Forbes recently recounted the ongoing urban exodus in America amid low mortgage rates and a growing demand for remote work. Previously, urban dwellers were more susceptible to being priced out of the suburbs as city dwellers are selling their higher-priced real estate and moving to the suburbs. Danielle Hale, realtor.com chief economist, anticipates home sales rising 7% in 2021, and prices to increase 5.7% despite already reaching all-time highs. Hale said she does expect the buying surge to slow by the end of the year once new construction advances. Daryl Fairweather, chief economist of Redfin, said he expects home sales to increase 10% in 2021 from 5% in 2020. He also said he expects homeownership to rise above 69% by the end of the year. David Howard, National Rental Home Council executive director, said that affordability and supply will be the two main driving forces. Although all economists interviewed by Forbes stated that the real estate market is relying on Millennials to purchase homes, however, Howard was one of the only to acknowledge that demographic is being priced-out of the market who are likely already paying a premium on rental housing. “Much of this move is being led by Millennials, who are transitioning squarely into prime household formation years. However, that generation is also the least wealthy at a time when the cost of homeownership continues to climb. We believe these demographic factors bode well in the coming years for the rental housing market, particularly single-family rental homes. Millennials’ demand for housing is not going to diminish, but it may just take a little longer to make homeownership a reality,” Howard said.

US Market Closings:

  • Dow advanced 2.9 points or 001% to 33,984.47
  • S&P 500 declined -0.96 of a point or -0.02% to 4,186.66
  • Nasdaq declined 48.46 points or -0.34% to 14,090.22
  • Russell 2000 advanced 3.26 points or 0.14% to 2,301.27

 

Canada Market Closings:

  • TSX Composite advanced 4.53 points or 0.02% to 19,175.09
  • TSX 60 advanced 0.69 of a point or 0.06% to 1,141.14

 

Brazil Market Closing:

  • Bovespa declined 1,206.24 points or -1% to 119,388.37

ENERGY:

 

The oil markets had a green day today:

 

  • Crude Oil increased 0.51 USD/BBL or 0.82% to 62.4200
  • Brent increased 0.3 USD/BBL or 0.46% to 65.9500
  • Natural gas increased 0.076 USD/MMBtu or 2.72% to 2.8660
  • Gasoline increased 0.0286 USD/GAL or 1.45% to 2.0072
  • Heating oil increased 0.0157 USD/GAL or 0.84% to 1.8942
  • Top commodity gainers: Ethanol (5.96%), Palm Oil (4.76%), Sugar (4.43%) and Corn (2.90%)
  • Top commodity losers: Aluminum (-0.63%), Zinc (-0.78%), Lean Hogs (-0.96%), and Soybeans (-0.78%)

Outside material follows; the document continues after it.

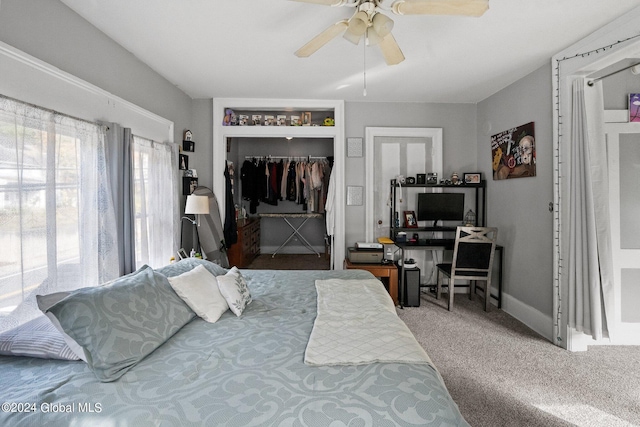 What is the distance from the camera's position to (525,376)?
2.13 meters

The above data was collected around 13:50 EST on Tuesday.

BONDS:

Japan 0.0880%(+1bp), US 2’s 0.18%(+0.008%), US 10’s 1.6128%(+4.28bps); US 30’s 2.2797%(+0.04%), Bunds -0.2490% (+1bp), France -0.0002% (+0bp), Italy 0.8210% (+2bp), Turkey 17.85% (-12bp), Greece 0.942% (+4bp), Portugal 0.431% (+2.4bp); Spain 0.424% (+1.73bp) and UK Gilts 0.775% (+2bp).